Arrested journalist speaks out in ethics class

There were police officers spread all around the perimeter of the house trying to process the remaining evidence on a Lake George crime scene. News teams had already begun to flood the scene along with several police cars and an ambulance was standing by. 

Worried neighbors stood by the road watching police investigate the scene – and then a reporter was taken away in handcuffs. 

On Nov. 2, professor David Blow brought that reporter, David Taube, 24, of Glens Falls, to Castleton as a guest speaker for his News Media Ethics class.  While finishing up the chapter “Working with Sources,” Taube was came to illustrate the importance of police-reporter relations.

Taube, a reporter for the Post-Star, was arrested on July 9 while reporting on a murder-suicide scene in Lake George. 

An officer with the Warren County Sheriff’s Department arrested him after he reportedly had refused orders to leave the area.  

“It wasn’t like I was interfering with the crime scene,” Taube said to students, while explaining there was no police tape blocking him from the scene at the time of his arrest.  “It was four hours after the crime had been reported.”

Though he was not actually placed in a cell, Taube was fingerprinted and had a mug shot taken.

Taube was charged with obstruction of governmental administration, a misdemeanor, but was released in time to cover the department’s press conference on the murder. 

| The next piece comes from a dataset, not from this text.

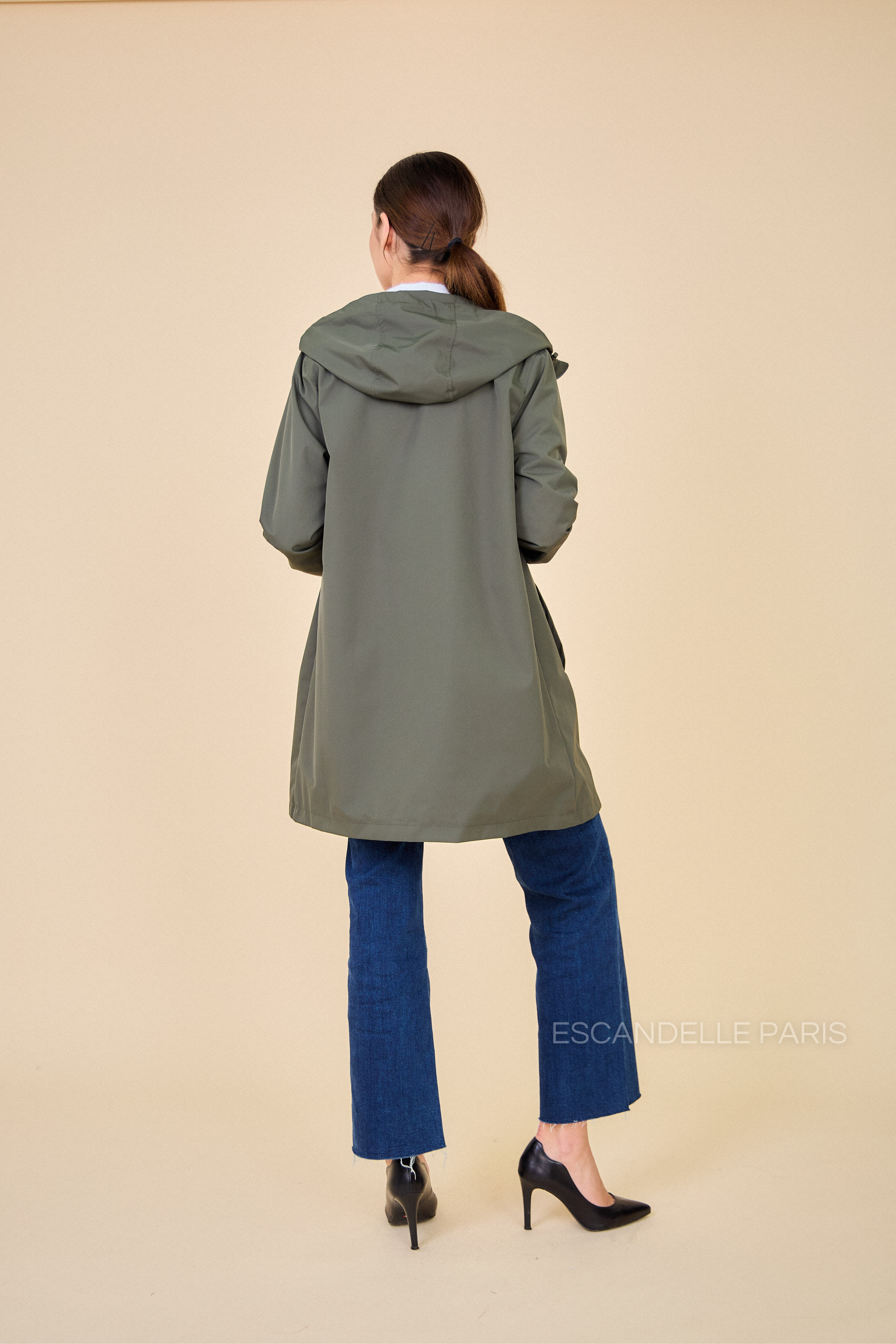 Gabardine THEA polaire mi-longue imperméable kaki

“He has an ego problem,” said Warren County Sheriff Bud York in a phone interview with Blow, who provided transcripts to Taube and students of the conversation.  “We’ve never had problems with news media ever.”

According to York, Taube has a reputation with local police in the area for pushing it to the limit at crime scenes.   

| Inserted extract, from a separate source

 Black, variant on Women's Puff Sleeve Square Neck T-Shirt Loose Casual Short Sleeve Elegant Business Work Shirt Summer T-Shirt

“I’ve had to be more careful on scenes,” Taube said to the class adding that the incident otherwise has not crippled his career as a journalist in any way. 

Students in the ethics class seemed to sympathize with Taube, with many saying he had done nothing wrong.

“I would’ve done the same thing,” Castleton junior Hannah Messer said acknowledging that as a journalist Taube’s job was to report the crime to inform the public. 

But fellow student Annie Hartman was a little more skeptical.

“As a reporter it’s important to choose your battles and respect authority,” arguing that Taube may have crossed the line.

Overall the class took away an important message, that there is a fine line between pushing the envelope and overstepping the boundaries while out in the field. They learned that having cooperation from law enforcements can be vital to a journalist when reporting crime stories. 

“I like reporters who walk a tight rope,” Blow commented during class, adding that in his 21 years of working with the Post Star, he has never seen a reporter arrested. 

Blow encouraged his students to have drive when going out in the field and looking for stories.   

“I look for guys who have a little bit of fire in their bellies when they are on the job,” he said.

For Taube, the ordeal won’t be over for w hile. Charges were dismissed in the case, but only if he avoids further trouble.  With six months of good behavior and no more run-ins with local authorities, Taube said the charges will be “expunged” and leave him with no record.